**Prompt:**
All lines below between the line with "handsome young man medical student in" and the line with "A small plushy", including both, must be copied exactly, and the pictures must be omitted.

**Exercise materials:**
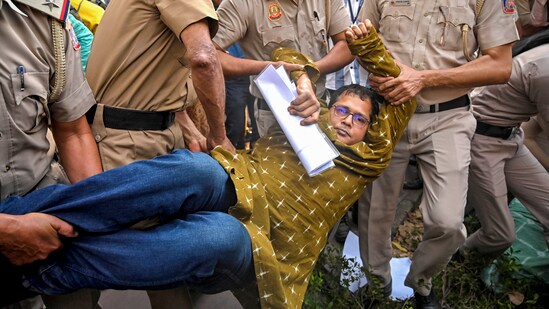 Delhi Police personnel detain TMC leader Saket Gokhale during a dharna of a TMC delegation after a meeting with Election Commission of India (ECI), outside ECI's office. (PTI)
--
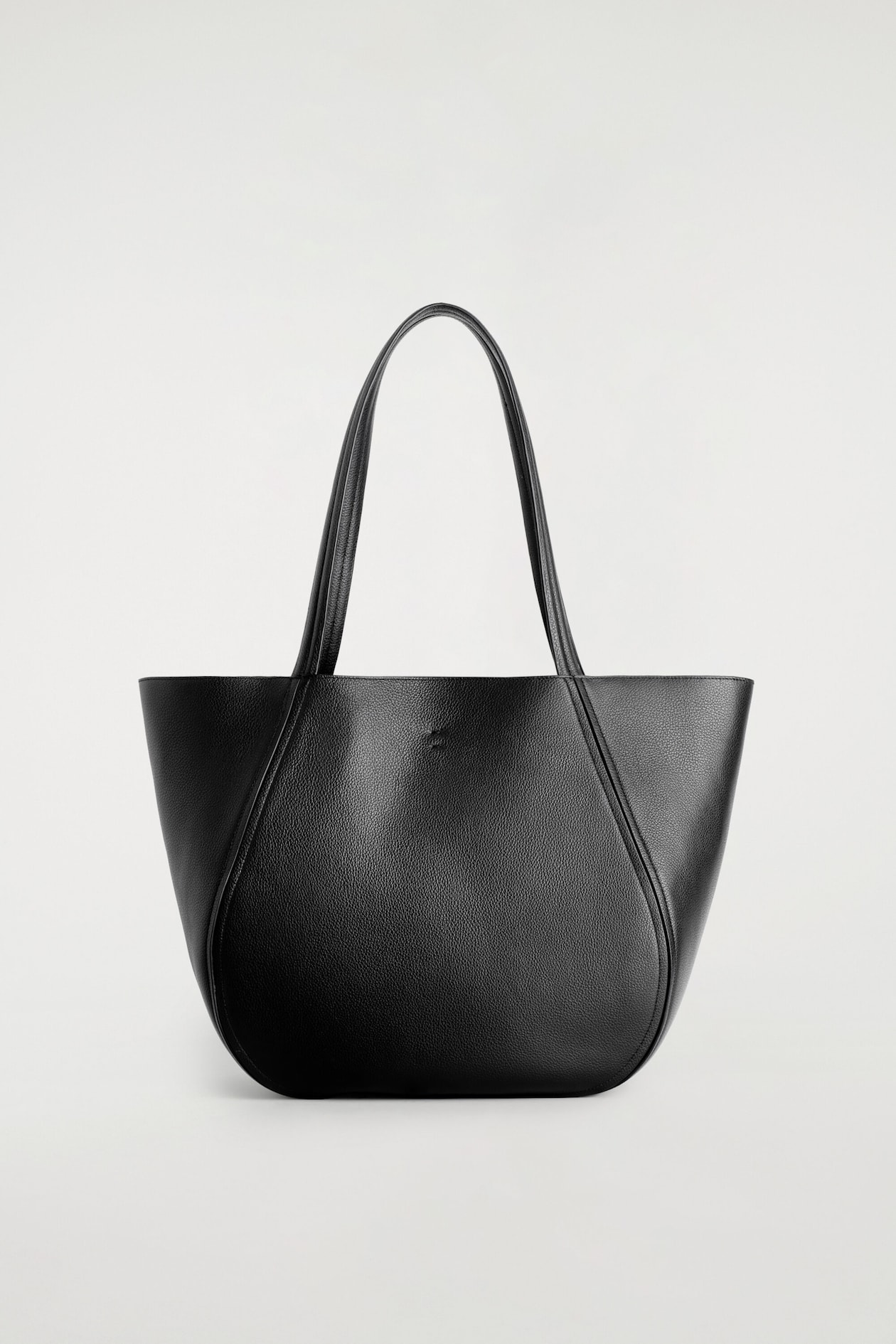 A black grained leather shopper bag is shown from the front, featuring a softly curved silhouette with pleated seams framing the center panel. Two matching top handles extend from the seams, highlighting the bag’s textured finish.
==
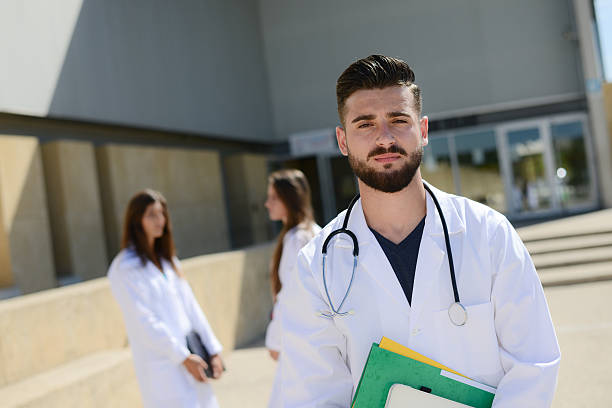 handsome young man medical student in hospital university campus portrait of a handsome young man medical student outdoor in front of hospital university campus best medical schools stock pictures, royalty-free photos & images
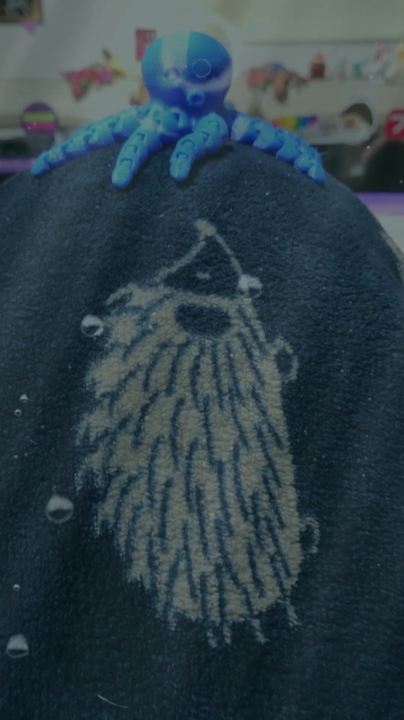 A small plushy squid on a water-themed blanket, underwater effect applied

**Answer to this task:**
 handsome young man medical student in hospital university campus portrait of a handsome young man medical student outdoor in front of hospital university campus best medical schools stock pictures, royalty-free photos & images
 A small plushy squid on a water-themed blanket, underwater effect applied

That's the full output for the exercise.